"""
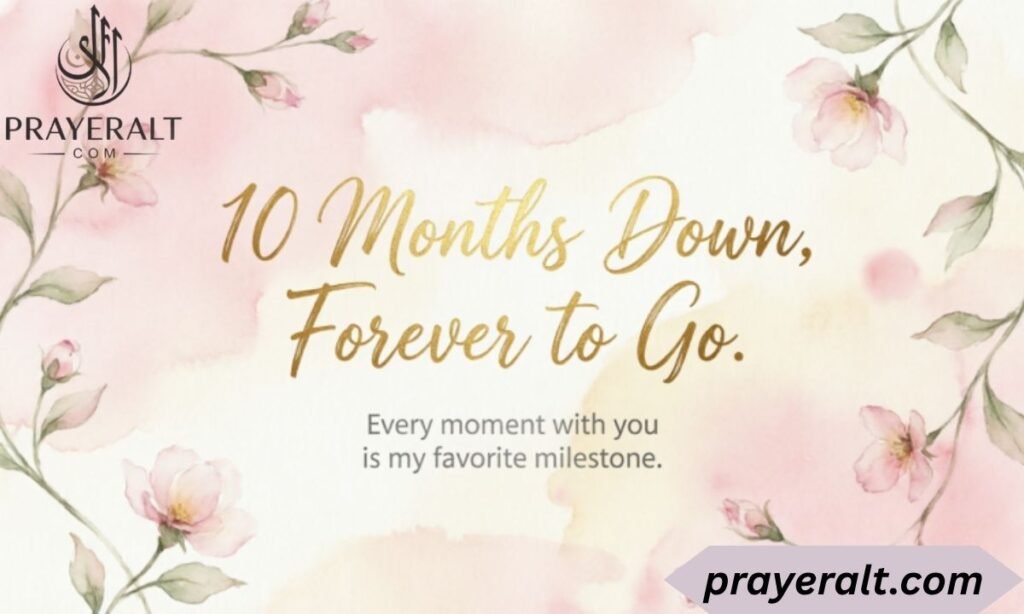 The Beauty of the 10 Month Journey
"""
"""
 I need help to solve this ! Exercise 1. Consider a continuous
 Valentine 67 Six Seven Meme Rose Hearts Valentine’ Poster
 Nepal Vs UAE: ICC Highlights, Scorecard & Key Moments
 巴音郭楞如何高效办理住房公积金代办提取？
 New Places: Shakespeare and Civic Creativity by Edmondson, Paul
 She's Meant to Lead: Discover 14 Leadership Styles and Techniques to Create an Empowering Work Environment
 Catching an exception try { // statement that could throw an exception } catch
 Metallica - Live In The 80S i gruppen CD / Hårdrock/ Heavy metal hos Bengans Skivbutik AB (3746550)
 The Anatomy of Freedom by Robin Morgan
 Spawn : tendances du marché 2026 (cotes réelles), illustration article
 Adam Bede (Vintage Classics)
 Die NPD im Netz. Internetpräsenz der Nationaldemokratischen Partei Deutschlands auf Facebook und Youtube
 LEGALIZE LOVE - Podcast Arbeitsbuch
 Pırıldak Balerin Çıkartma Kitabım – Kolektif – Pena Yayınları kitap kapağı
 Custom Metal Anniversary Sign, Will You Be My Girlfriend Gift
"""
> **What is expected**
Going down the listing above, begin printing at the line with "LEGALIZE LOVE - Podcast Arbeitsbuch" and finish with the line with "Custom Metal Anniversary", exactly as they appear.

> **Result of this exercise**
 LEGALIZE LOVE - Podcast Arbeitsbuch
 Pırıldak Balerin Çıkartma Kitabım – Kolektif – Pena Yayınları kitap kapağı
 Custom Metal Anniversary Sign, Will You Be My Girlfriend Gift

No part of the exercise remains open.